As listed above, the procedure starts with therapist massaging the patient while the person is sitting erect. Then the process moves to lie down face up, then in left lateral position, then lying on back again then right lateral then lying on back again and finally sitting erect to complete the cycle.
The therapist or the practitioner should explain the entire procedure to the patient in a simple language so that the patient gets a good understanding of the process, and also they co-operate fully during the therapy. Make sure the patient has evacuated their bowel and bladder. Apply a little bit of therapeutic oil on their vertex and do 2-3 minutes massage.
Core procedure of Abhyanga
The core therapy comprises seven stages, and in each stage, the therapist performs massage on the patient while the patient adopts a sitting or lying posture.

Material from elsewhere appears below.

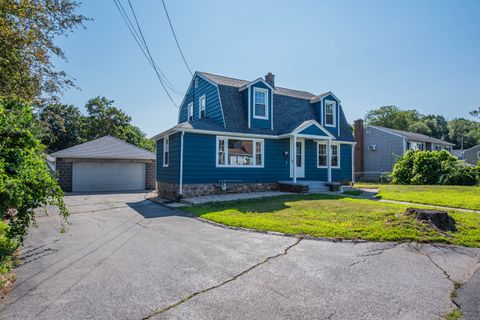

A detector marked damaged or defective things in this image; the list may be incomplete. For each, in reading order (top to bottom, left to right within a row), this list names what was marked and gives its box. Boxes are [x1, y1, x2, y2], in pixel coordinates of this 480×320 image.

crack in asphalt [141, 236, 304, 318]
cracked pavement [0, 191, 480, 318]
concrete patch in driveway [0, 192, 480, 320]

The procedure starts with therapist performing massage while the patient is seated upright on a massage table or a stool. Apply massage oil to the head, face, ear canal, the front of neck, back and feet and massage in a gentle fashion for about ten to fifteen minutes.
The patient then changes the posture to lying left sideways, lying face down, lying right sideways, lying face up and finally the upright position to complete the cycle.
Perform massage in each posture for about 15 minutes. The whole process can take about an hour or more depending on your particular situation. Vary the treatment duration as necessary. Increase or decrease the treatment duration to suit the particular condition or the health of the patient.
Post operative procedures of abhyanga
Wipe the patient’s body with a dry and clean towel. Leaving a thin film of oil is also good. Ask the patient to rest for 30 minutes to one hour and have a warm shower afterward. A steam bath can be beneficial at this stage but not an infrared Sauna.
Benefits of Abhyanga
Applying warm ayurvedic medicated oil promotes circulation and helps diaphoresis (sweating). Abhyanga helps the skin absorb the medicinal properties of the oil. These therapeutic factors act as food, nutrient and medicinal agent on the skin. A soft and oily massage itself has a soothing effect on the nervous system as a whole. It removes metabolic waste, reduces pain and swelling, improves complexion and texture of the skin.
Abhyanga is an integral part of any Panchakarma program. Abhyanga can be done as a stand-alone cleanse therapy in the Ayurvedic treatment of endometriosis. Panchakarma is very beneficial in managing Lyme disease.
Ayurvedic Oils used in abhyanga
Many therapists use organic sesame oil for treatment. But for right results make sure that you chose the appropriate oil based on one’s dosha.
Choice of Abhyanga oil is critical.
Select oil based on patients dosha. Consider the patient’s illness and the dosha interaction while deciding the oil for best results. There may be situations where you will require not one but a combination of oils. Do not compromise on oil selection for Abhyanga. Optimal oil selection is of utmost importance for this therapeutic massage to deliver desired results.